* _What is expected_: Please output the data exactly, minus pictures.
________________________________________
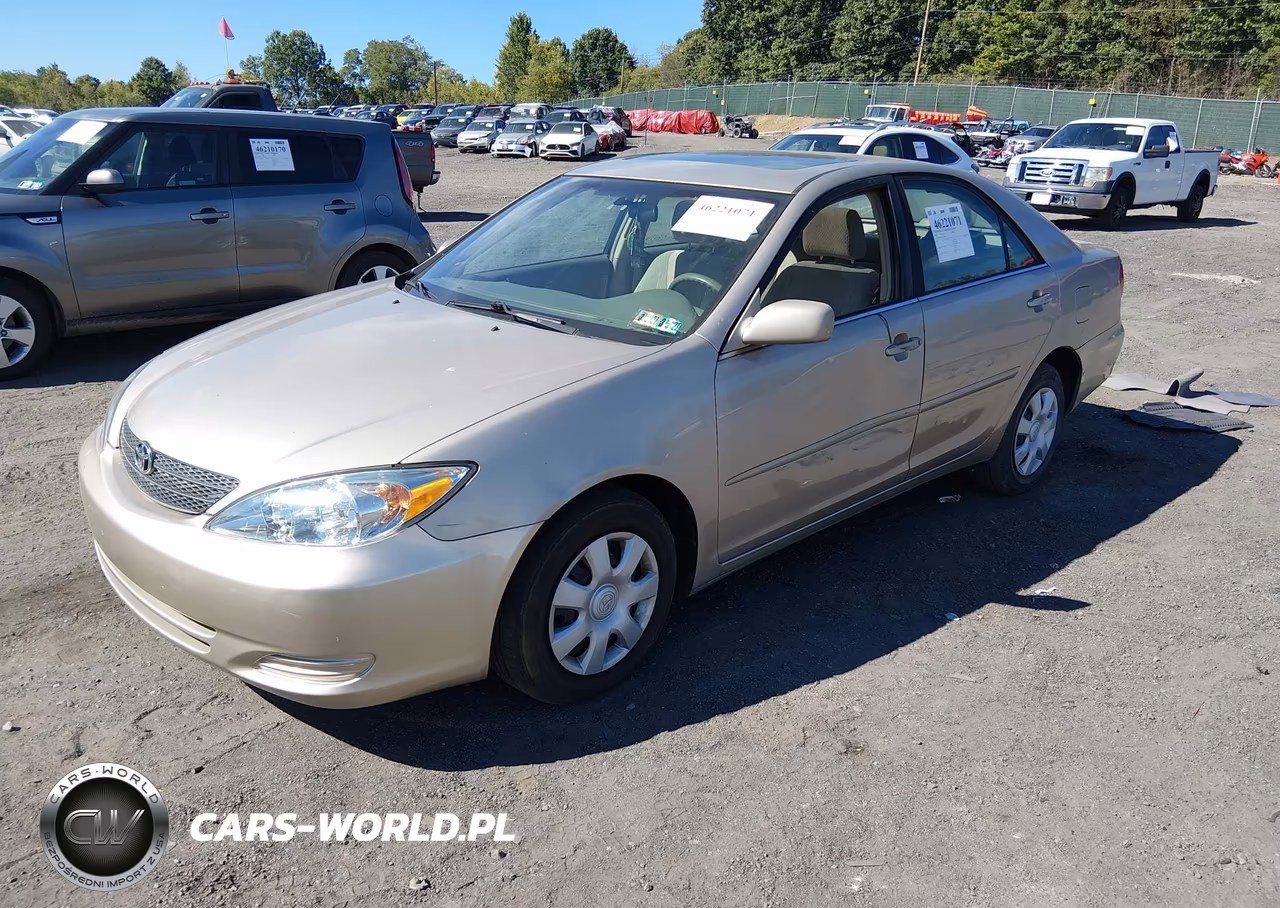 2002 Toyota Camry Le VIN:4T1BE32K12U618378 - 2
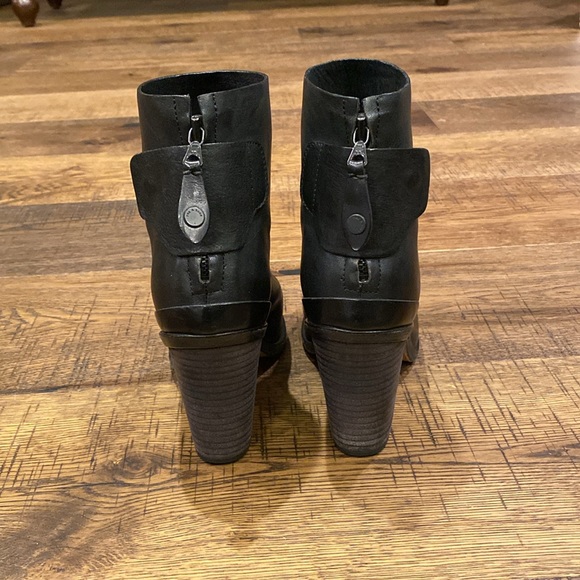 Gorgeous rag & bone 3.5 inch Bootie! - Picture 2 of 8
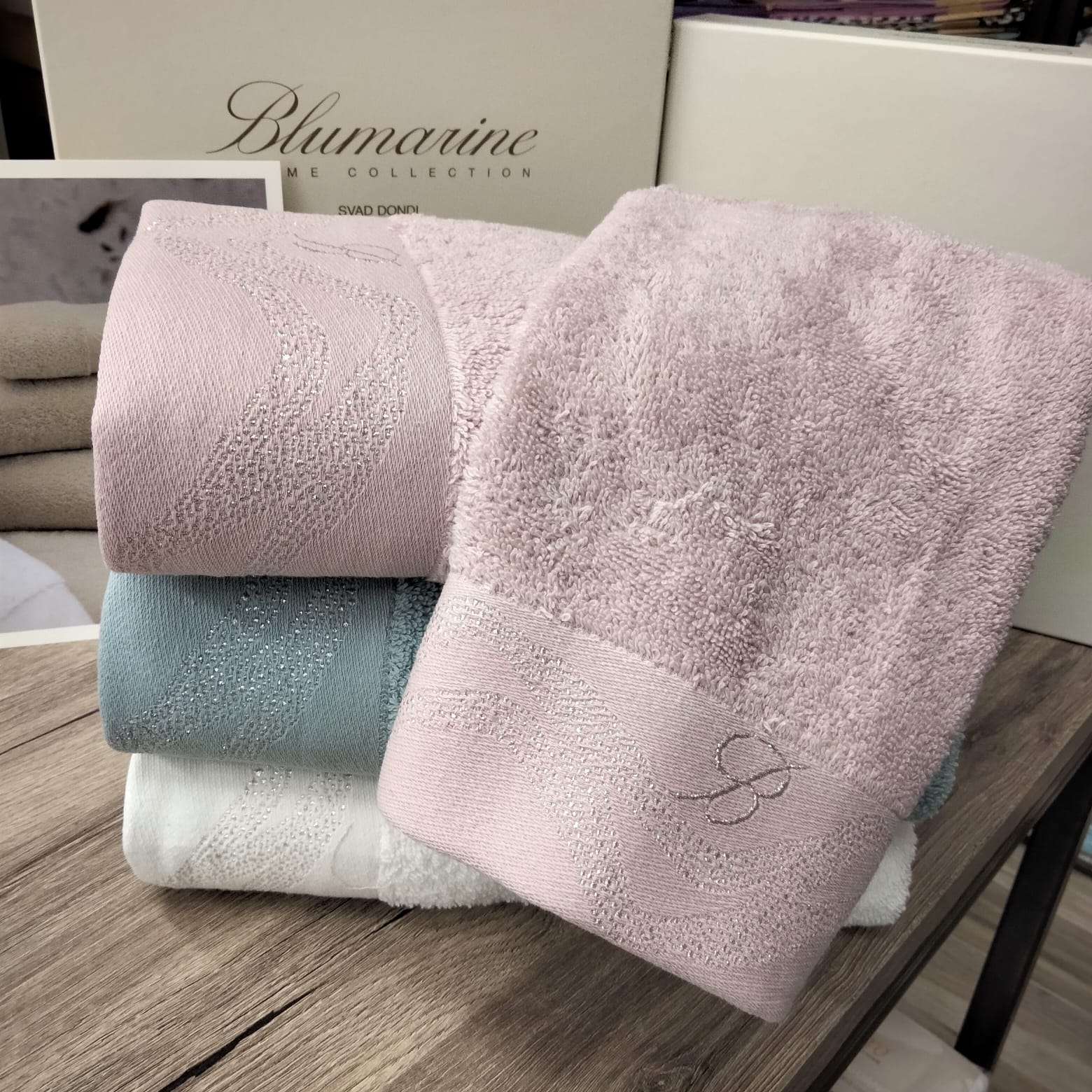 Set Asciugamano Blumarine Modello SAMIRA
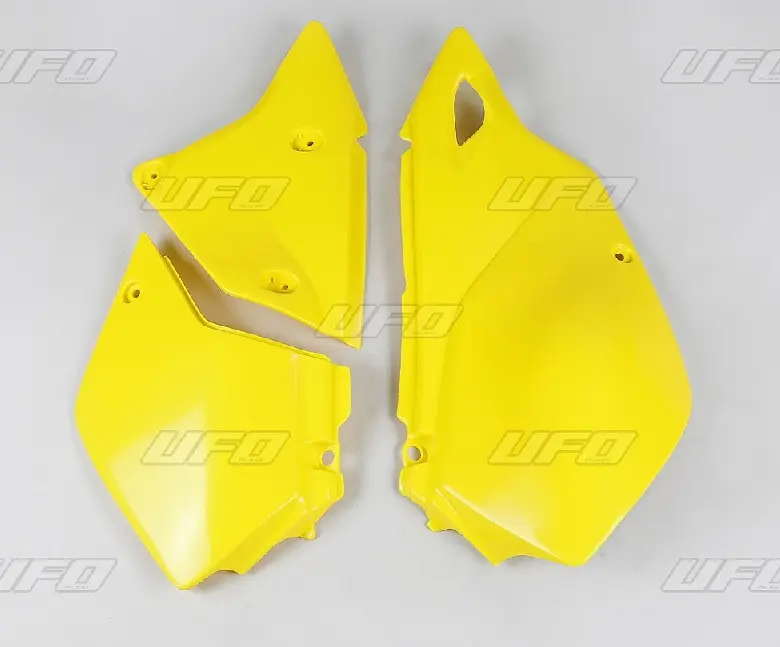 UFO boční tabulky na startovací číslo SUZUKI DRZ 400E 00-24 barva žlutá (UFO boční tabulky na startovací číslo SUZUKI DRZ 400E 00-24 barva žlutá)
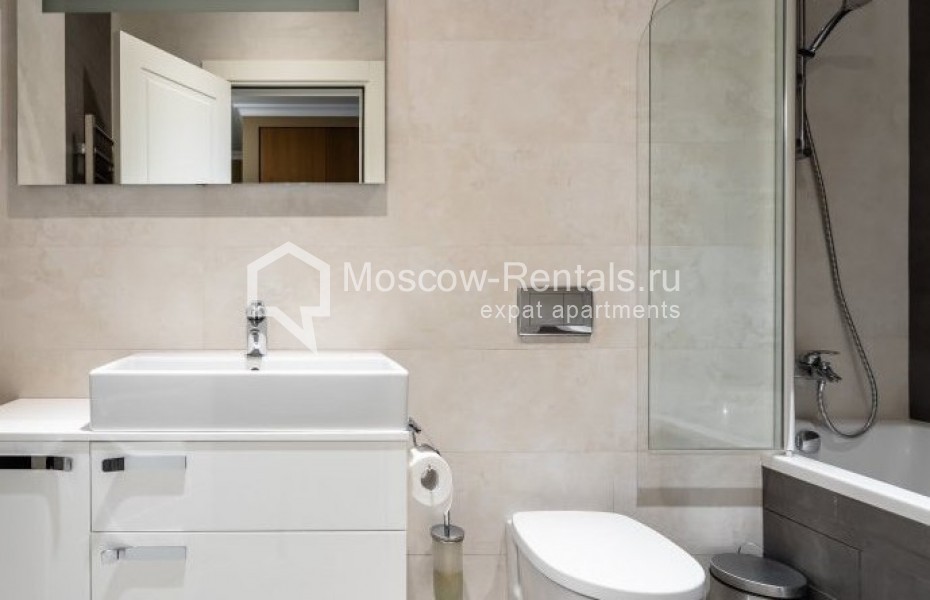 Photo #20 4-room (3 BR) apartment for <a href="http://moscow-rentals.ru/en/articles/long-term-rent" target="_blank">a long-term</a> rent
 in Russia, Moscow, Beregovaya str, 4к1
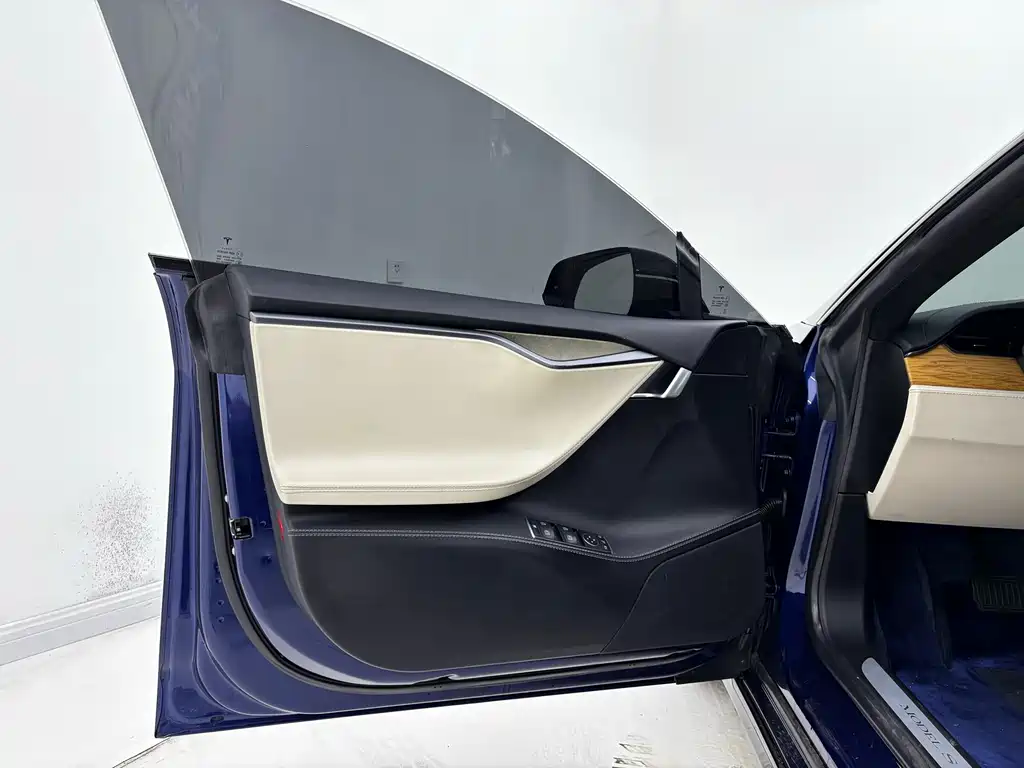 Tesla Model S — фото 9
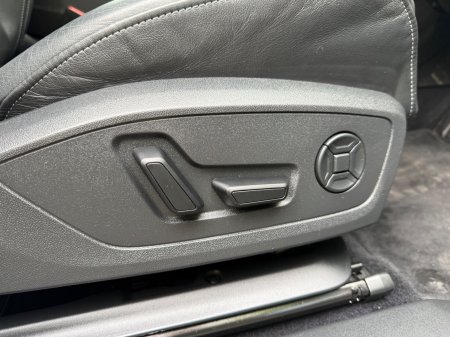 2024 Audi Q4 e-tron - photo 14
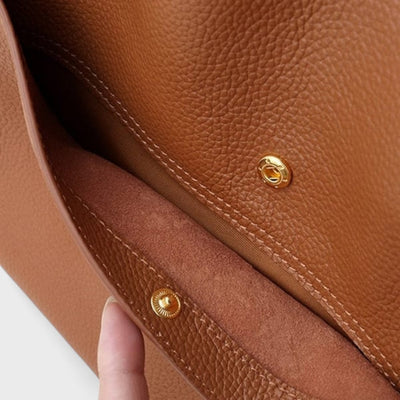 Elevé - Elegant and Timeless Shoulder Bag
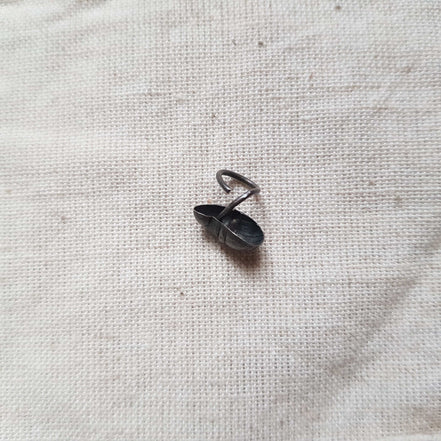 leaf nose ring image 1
________________________________________
* _Answer area_:
 2002 Toyota Camry Le VIN:4T1BE32K12U618378 - 2
 Gorgeous rag & bone 3.5 inch Bootie! - Picture 2 of 8
 Set Asciugamano Blumarine Modello SAMIRA
 UFO boční tabulky na startovací číslo SUZUKI DRZ 400E 00-24 barva žlutá (UFO boční tabulky na startovací číslo SUZUKI DRZ 400E 00-24 barva žlutá)
 Photo #20 4-room (3 BR) apartment for <a href="http://moscow-rentals.ru/en/articles/long-term-rent" target="_blank">a long-term</a> rent
 in Russia, Moscow, Beregovaya str, 4к1
 Tesla Model S — фото 9
 2024 Audi Q4 e-tron - photo 14
 Elevé - Elegant and Timeless Shoulder Bag
 leaf nose ring image 1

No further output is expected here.